Voie qui connait une forte médiatisation depuis 1997 au niveau du pont l'Alma, scène de l'accident de Lady Diana.

En bateau
Les croisières sur la Seine sont accessibles à partir du port de Suffren, du port de la Bourdonnais, du pont de l'Alma, du Port de Solférino (quai Anatole France), du quai Malaquai, du square du Vert-Galant, du quai de Montebello, du quai de l'hôtel de Ville.

Les bouquinistes le long des quais
Le long de la Seine s'étendent quatre kilomètres de boites à livres, bibliothèque en plein air unique au monde... Les premiers bouquinistes (de "book" ou de l'odeur de "bouc" des reliures en peau de chèvre ?) s'installèrent peu après l'ouverture du Pont-Neuf au début du 17 ème siècle. Ils furent régulièrement chassés par des ordonnances royales. Ce n'est qu'en 1891 qu'ils purent laisser leur caisse de livre sur le parapet, au lieu de devoir l'enlever tous les soirs. Aujourd'hui la Ville accorde des concessions, la taille et la couleur des caissons sont réglementées.
Les caisses de livres se sont plus ou moins spécialisées (ce qui suit n'est qu'indicatif).
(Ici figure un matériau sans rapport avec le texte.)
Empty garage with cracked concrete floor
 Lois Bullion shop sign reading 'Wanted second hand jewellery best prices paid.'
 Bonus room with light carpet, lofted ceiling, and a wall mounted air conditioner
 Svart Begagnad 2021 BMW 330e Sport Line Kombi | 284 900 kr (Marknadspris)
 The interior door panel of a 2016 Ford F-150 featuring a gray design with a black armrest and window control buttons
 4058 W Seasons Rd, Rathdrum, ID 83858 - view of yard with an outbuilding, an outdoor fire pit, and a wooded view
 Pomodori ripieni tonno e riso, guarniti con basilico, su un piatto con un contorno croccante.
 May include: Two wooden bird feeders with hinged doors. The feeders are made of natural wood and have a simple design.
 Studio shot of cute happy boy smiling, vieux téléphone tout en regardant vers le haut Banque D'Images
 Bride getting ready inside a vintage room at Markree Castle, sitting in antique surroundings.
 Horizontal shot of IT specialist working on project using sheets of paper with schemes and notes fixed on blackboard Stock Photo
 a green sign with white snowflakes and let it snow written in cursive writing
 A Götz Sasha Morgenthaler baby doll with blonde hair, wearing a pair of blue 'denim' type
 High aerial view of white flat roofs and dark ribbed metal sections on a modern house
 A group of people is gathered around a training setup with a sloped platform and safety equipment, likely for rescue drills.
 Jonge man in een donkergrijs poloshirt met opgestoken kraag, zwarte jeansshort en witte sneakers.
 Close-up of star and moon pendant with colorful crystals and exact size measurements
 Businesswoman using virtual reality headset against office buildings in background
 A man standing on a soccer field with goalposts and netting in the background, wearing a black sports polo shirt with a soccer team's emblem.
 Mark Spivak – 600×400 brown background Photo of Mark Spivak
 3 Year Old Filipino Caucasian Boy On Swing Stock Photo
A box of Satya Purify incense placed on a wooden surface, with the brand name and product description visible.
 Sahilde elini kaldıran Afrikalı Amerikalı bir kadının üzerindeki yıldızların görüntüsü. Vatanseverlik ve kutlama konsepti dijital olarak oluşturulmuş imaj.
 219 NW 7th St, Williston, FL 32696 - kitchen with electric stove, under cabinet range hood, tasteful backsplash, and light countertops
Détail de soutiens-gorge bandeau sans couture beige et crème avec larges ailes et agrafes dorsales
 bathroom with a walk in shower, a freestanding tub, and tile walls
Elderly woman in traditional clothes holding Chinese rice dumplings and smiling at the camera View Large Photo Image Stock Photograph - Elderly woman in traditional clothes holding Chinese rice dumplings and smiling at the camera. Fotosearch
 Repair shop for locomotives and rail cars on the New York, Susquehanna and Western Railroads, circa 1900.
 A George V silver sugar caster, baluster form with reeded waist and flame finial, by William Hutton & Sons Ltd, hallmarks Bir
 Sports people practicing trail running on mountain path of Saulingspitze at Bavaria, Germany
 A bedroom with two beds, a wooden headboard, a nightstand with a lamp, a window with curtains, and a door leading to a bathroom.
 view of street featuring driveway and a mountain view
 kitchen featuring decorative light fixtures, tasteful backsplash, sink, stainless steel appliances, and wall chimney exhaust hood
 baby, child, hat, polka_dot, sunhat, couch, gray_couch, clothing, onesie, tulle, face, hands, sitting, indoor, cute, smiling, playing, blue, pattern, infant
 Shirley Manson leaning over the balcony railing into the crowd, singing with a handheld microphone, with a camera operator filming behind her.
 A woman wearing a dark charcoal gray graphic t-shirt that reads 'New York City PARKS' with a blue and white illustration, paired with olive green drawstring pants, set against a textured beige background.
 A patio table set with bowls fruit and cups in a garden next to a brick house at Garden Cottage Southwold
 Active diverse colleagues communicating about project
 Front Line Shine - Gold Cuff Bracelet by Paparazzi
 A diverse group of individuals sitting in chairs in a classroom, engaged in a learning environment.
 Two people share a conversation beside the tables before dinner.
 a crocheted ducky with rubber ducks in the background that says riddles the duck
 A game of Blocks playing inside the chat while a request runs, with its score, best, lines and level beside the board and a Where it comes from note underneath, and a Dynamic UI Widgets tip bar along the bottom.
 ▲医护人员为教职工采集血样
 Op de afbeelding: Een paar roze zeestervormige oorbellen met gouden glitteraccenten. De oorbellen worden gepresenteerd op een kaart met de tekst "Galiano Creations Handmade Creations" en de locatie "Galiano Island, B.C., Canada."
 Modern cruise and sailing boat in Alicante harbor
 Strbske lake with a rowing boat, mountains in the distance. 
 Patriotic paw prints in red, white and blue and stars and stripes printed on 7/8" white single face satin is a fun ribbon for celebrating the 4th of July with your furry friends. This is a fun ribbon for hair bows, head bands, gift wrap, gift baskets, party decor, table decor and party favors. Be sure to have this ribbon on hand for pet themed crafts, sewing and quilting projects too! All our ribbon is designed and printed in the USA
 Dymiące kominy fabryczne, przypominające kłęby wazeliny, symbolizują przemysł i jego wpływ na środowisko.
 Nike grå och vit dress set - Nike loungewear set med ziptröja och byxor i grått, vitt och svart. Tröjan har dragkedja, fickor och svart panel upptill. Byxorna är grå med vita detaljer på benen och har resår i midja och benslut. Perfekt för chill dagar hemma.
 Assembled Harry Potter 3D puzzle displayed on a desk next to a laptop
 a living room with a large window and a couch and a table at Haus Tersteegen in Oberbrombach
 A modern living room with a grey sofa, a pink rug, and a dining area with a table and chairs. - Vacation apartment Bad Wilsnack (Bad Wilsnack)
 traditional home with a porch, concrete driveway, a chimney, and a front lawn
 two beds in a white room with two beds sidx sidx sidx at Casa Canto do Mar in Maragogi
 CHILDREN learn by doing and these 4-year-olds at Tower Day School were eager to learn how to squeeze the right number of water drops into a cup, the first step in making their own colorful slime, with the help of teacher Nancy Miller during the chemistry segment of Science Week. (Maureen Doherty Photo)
Rive droite, les caisses s'étendent quai de la Mégisserie (photos anciennes, BD, littérature), quai de Gesvres (histoire, cinéma), quai de l'hôtel de Ville (romans policiers et de science fiction)

Mais pas devant le Louvre, interdit par le ministre de la culture Malraux.

Rive gauche, on les trouve quai des Grands-Augustins (disques, cartes, journaux, littérature...), quai Saint-Michel (livres insolites, gravures), quai de Montebello (gravures, vieux livres), quai de la Tournelle (policiers et science fiction, cinéphilie).